■ Brief: Could the data below please be reproduced word for word, without the pictures?

■ Supplied material:
::::

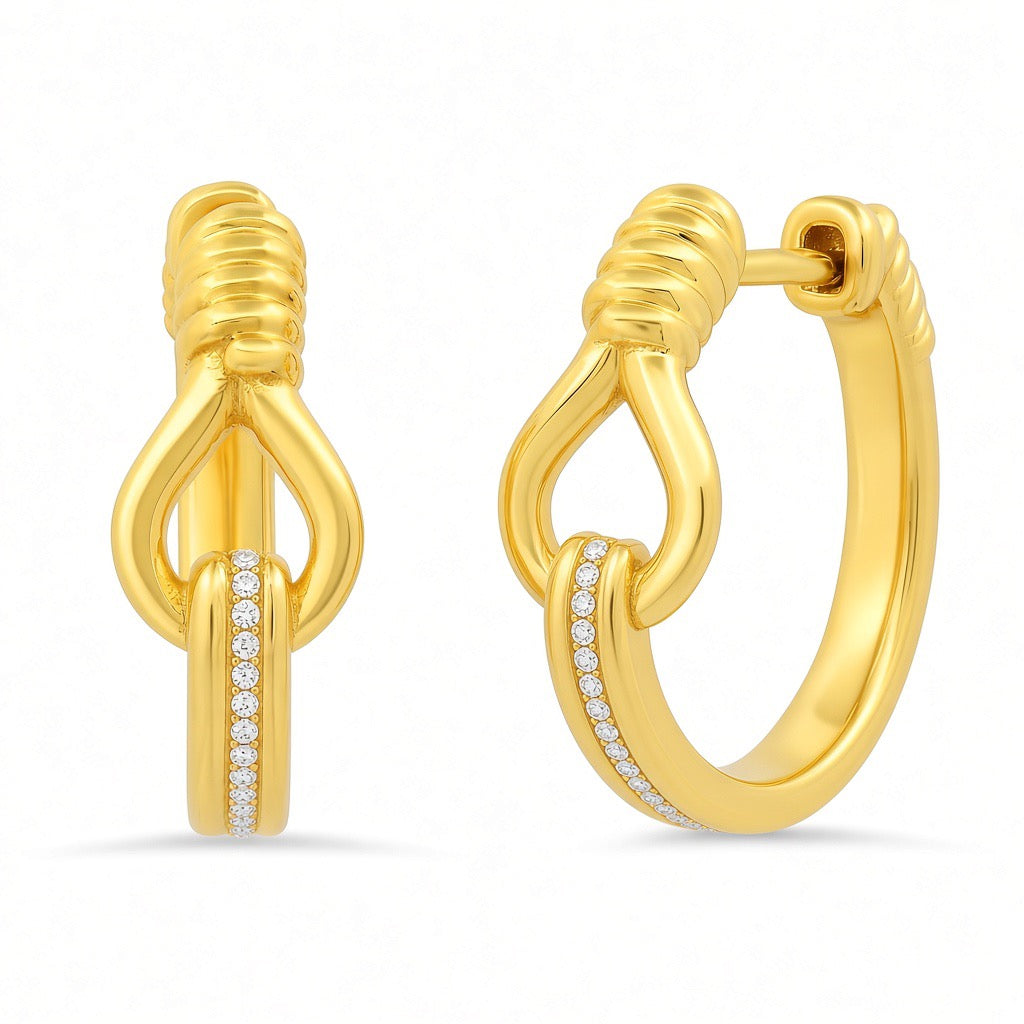 TOI ET MOI Mini Diamond Hoops | Colette Jewelry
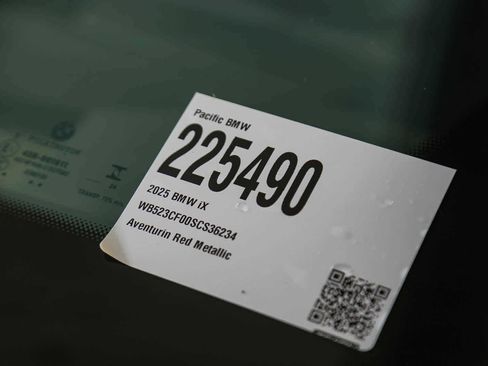 Used 2025 BMW iX xDrive50 w/ Sport Package image 27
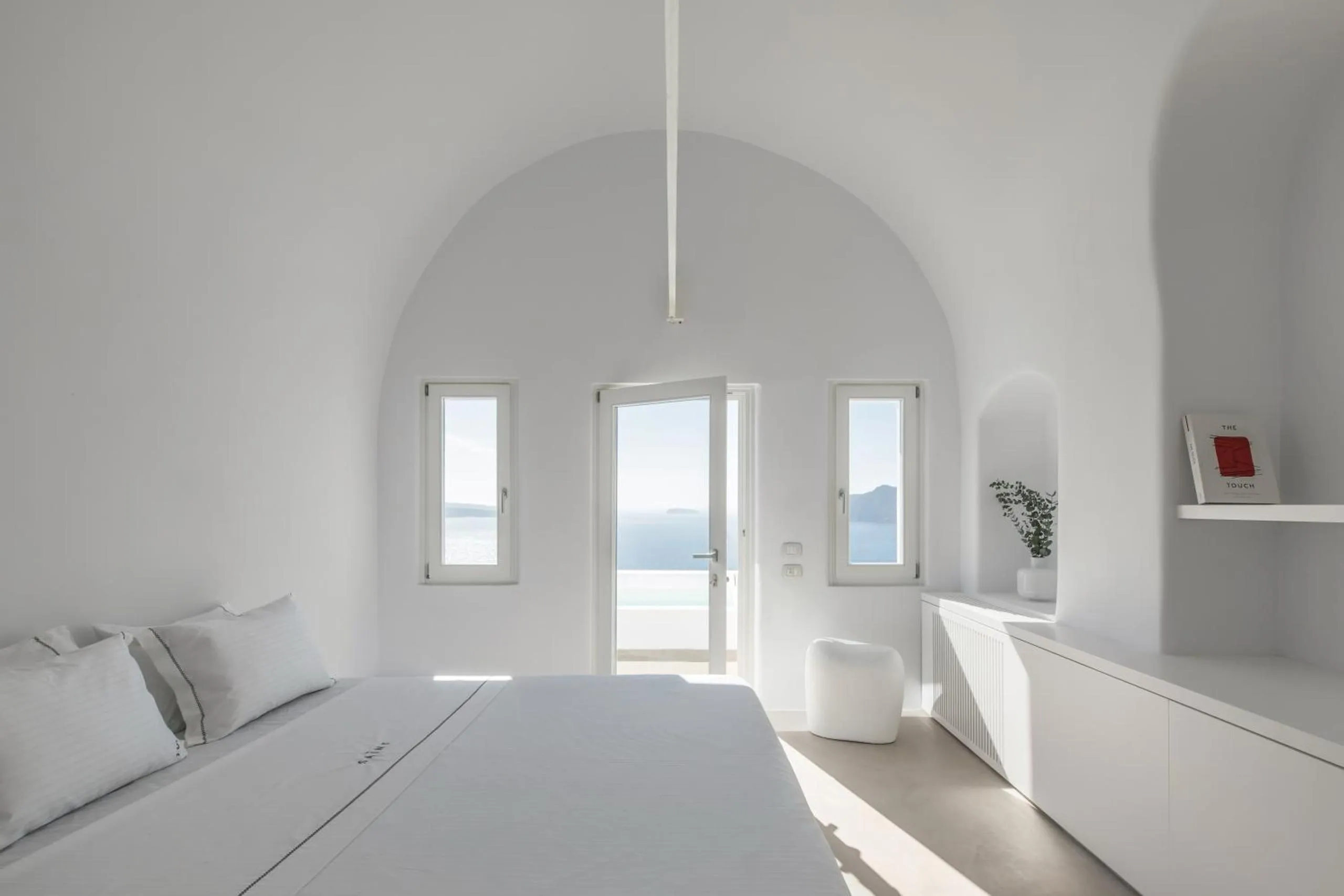 Saint | Boutique Hotel in Santorini, Greece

::::

■ Answer for the task:
 TOI ET MOI Mini Diamond Hoops | Colette Jewelry
 Used 2025 BMW iX xDrive50 w/ Sport Package image 27
 Saint | Boutique Hotel in Santorini, Greece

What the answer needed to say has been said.